Nothing but the line holding "Ankle pain with bones showing" and the lines after it, through the end of the records, should be set down, each exactly as it is.

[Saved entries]
_ _ _ _ _ _ _

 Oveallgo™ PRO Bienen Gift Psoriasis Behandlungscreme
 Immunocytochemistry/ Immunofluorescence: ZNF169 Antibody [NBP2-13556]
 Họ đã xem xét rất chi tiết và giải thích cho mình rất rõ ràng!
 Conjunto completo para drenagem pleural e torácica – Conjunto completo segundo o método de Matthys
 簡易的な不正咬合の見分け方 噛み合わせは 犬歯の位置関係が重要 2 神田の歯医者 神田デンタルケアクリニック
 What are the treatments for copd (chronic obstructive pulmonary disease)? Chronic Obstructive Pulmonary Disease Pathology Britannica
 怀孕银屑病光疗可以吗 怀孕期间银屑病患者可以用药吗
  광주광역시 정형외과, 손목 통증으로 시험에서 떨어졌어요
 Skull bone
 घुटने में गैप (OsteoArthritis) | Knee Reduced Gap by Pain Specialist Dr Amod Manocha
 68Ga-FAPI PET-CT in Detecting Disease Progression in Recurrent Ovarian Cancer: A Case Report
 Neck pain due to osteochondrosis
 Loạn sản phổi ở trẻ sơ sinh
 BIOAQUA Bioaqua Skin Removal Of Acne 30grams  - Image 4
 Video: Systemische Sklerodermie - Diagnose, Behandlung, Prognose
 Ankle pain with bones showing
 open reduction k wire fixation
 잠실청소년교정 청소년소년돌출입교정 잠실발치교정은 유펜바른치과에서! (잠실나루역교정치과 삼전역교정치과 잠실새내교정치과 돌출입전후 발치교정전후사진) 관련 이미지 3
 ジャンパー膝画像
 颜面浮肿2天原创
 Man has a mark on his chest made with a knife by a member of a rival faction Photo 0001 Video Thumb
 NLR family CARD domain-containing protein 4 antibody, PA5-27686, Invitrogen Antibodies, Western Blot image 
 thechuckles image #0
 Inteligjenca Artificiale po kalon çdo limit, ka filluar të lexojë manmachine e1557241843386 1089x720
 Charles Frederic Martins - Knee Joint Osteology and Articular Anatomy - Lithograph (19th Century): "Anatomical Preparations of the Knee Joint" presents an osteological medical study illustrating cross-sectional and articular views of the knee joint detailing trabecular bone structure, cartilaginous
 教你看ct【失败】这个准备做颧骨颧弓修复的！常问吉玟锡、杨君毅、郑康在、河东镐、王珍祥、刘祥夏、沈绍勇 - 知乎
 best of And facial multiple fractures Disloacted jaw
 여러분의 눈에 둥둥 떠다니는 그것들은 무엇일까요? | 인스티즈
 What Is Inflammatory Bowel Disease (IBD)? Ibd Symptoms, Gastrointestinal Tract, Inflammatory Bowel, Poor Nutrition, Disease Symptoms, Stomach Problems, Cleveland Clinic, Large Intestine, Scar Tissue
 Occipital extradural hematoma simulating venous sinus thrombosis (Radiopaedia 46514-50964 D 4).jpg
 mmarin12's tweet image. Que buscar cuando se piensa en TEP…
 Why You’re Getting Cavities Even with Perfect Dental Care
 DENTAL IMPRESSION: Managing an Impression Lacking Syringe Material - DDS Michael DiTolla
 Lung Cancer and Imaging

_ _ _ _ _ _ _

Task solution:
 Ankle pain with bones showing
 open reduction k wire fixation
 잠실청소년교정 청소년소년돌출입교정 잠실발치교정은 유펜바른치과에서! (잠실나루역교정치과 삼전역교정치과 잠실새내교정치과 돌출입전후 발치교정전후사진) 관련 이미지 3
 ジャンパー膝画像
 颜面浮肿2天原创
 Man has a mark on his chest made with a knife by a member of a rival faction Photo 0001 Video Thumb
 NLR family CARD domain-containing protein 4 antibody, PA5-27686, Invitrogen Antibodies, Western Blot image 
 thechuckles image #0
 Inteligjenca Artificiale po kalon çdo limit, ka filluar të lexojë manmachine e1557241843386 1089x720
 Charles Frederic Martins - Knee Joint Osteology and Articular Anatomy - Lithograph (19th Century): "Anatomical Preparations of the Knee Joint" presents an osteological medical study illustrating cross-sectional and articular views of the knee joint detailing trabecular bone structure, cartilaginous
 教你看ct【失败】这个准备做颧骨颧弓修复的！常问吉玟锡、杨君毅、郑康在、河东镐、王珍祥、刘祥夏、沈绍勇 - 知乎
 best of And facial multiple fractures Disloacted jaw
 여러분의 눈에 둥둥 떠다니는 그것들은 무엇일까요? | 인스티즈
 What Is Inflammatory Bowel Disease (IBD)? Ibd Symptoms, Gastrointestinal Tract, Inflammatory Bowel, Poor Nutrition, Disease Symptoms, Stomach Problems, Cleveland Clinic, Large Intestine, Scar Tissue
 Occipital extradural hematoma simulating venous sinus thrombosis (Radiopaedia 46514-50964 D 4).jpg
 mmarin12's tweet image. Que buscar cuando se piensa en TEP…
 Why You’re Getting Cavities Even with Perfect Dental Care
 DENTAL IMPRESSION: Managing an Impression Lacking Syringe Material - DDS Michael DiTolla
 Lung Cancer and Imaging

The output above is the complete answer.